M. Cummings doit témoigner mardi, aux côtés de M. Cain – qui devait témoigner lundi mais dont l’audience est terminée.

Ailleurs, l’enquête a appris que les collaborateurs de Johnson avaient tenté de persuader les principaux conseillers scientifiques du pays de participer à une conférence de presse avec Cummings au sujet de son voyage de confinement au château de Barnard, dans le comté de Durham.

Dans ses mémoires, Sir Patrick a déclaré que des conseillers avaient tenté de le « durcir » lui et le médecin-chef de l’Angleterre, Sir Chris Whitty, pour qu’ils participent – mais cela semble avoir été annulé par M. Cummings lui-même.

Case, qui est secrétaire du Cabinet depuis septembre 2020, devrait témoigner dans le cadre de l’enquête mais est actuellement en congé de maladie.
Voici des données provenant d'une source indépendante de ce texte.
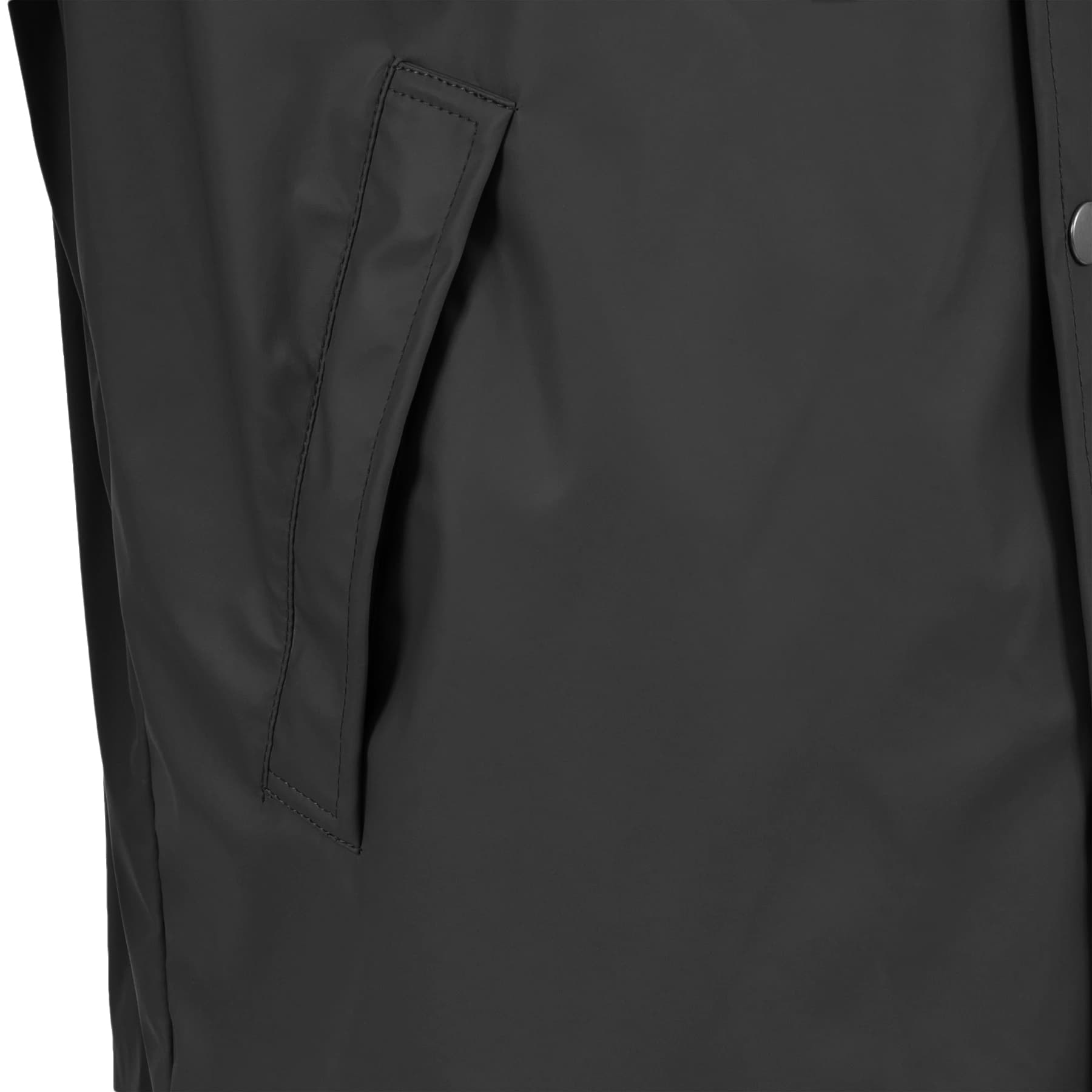 Highlander Outdoor Lighthouse Rain Jacket kabát - Black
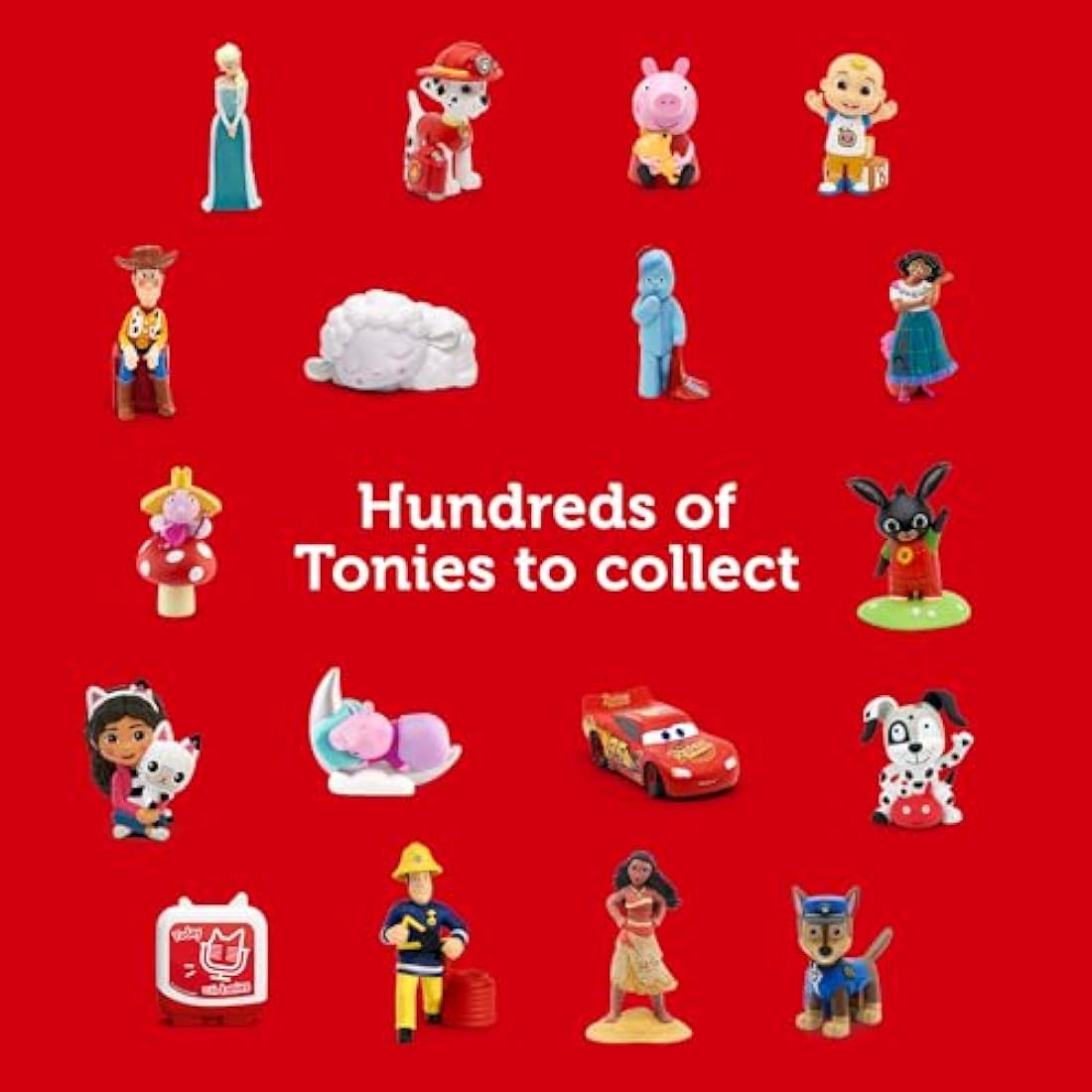 tonies Favourite Children's Songs for Bedtime Audio Character - Bedtime Songs and Lullabies, Audiobooks for Children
Un porte-parole du Cabinet Office a déclaré plus tôt ce mois-ci qu’il serait en « congé de courte durée » et « devait retourner au travail dans quelques semaines ».

Johnson, ainsi que son successeur Rishi Sunak, devraient également témoigner dans le cadre de l’enquête plus tard cet automne.

Un groupe représentant les familles endeuillées par Covid a déclaré qu’il avait été « difficile de suivre le nombre de révélations horribles » qui ont émergé de l’enquête.

Un porte-parole du gouvernement a ajouté : « Alors que le No10 se bat pour le pouvoir, il a succombé à un nombre stupéfiant de morts à travers le pays. »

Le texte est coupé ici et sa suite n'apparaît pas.